Listing Available Files

from pysus import list_files

list_files("SINAN")

Using the PySUS Client

from pysus import PySUS

async def main():
    async with PySUS() as pysus:
        # Query DuckLake catalog
        files = await pysus.query(
            dataset="sinan",
            group="DENG",
            state="SP",
            year=2024,
        )

        # Download files
        for f in files:
            local = await pysus.download(f)
            print(local.path)

        # Read multiple parquet files
        import glob
        paths = glob.glob("/cache/sinan/**/*.parquet")
        df = pysus.read_parquet(paths, mode="union").df()

read_parquet Modes

# Union (default) - all columns from any file
df = pysus.read_parquet(paths, mode="union").df()

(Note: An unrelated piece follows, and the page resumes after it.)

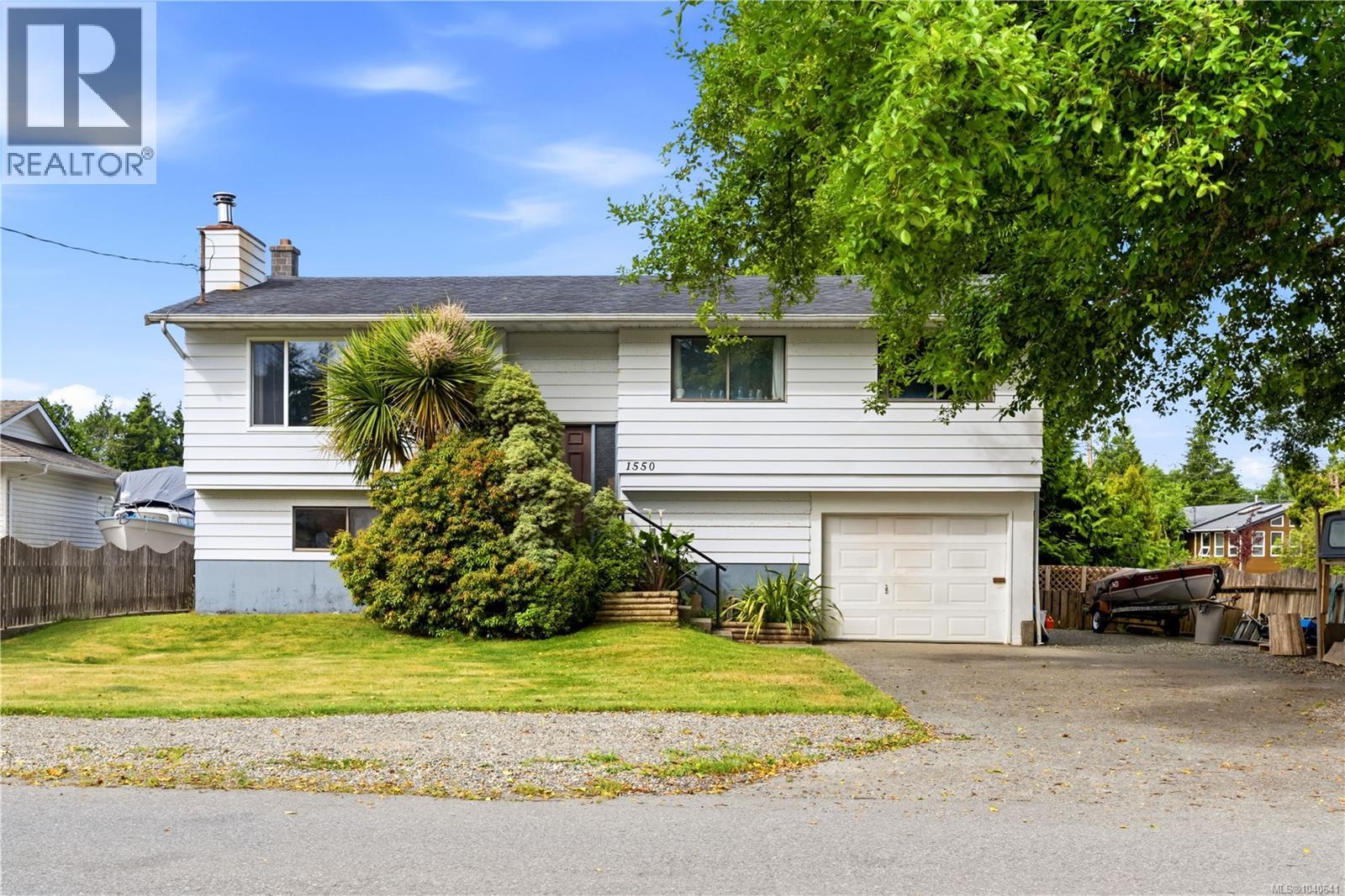 1550 Larch Rd - 43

# Intersection - only common columns across all files
df = pysus.read_parquet(paths, mode="intersection").df()

# Strict - raises error if schemas don't match
df = pysus.read_parquet(paths, mode="strict").df()

# With custom SQL filter
df = pysus.read_parquet(paths, sql="SELECT * WHERE column > 100").df()

Terminal User Interface (TUI)

pysus tui -l pt

Or from Python:

from pysus.tui.app import PySUS
app = PySUS(lang="pt")
app.run()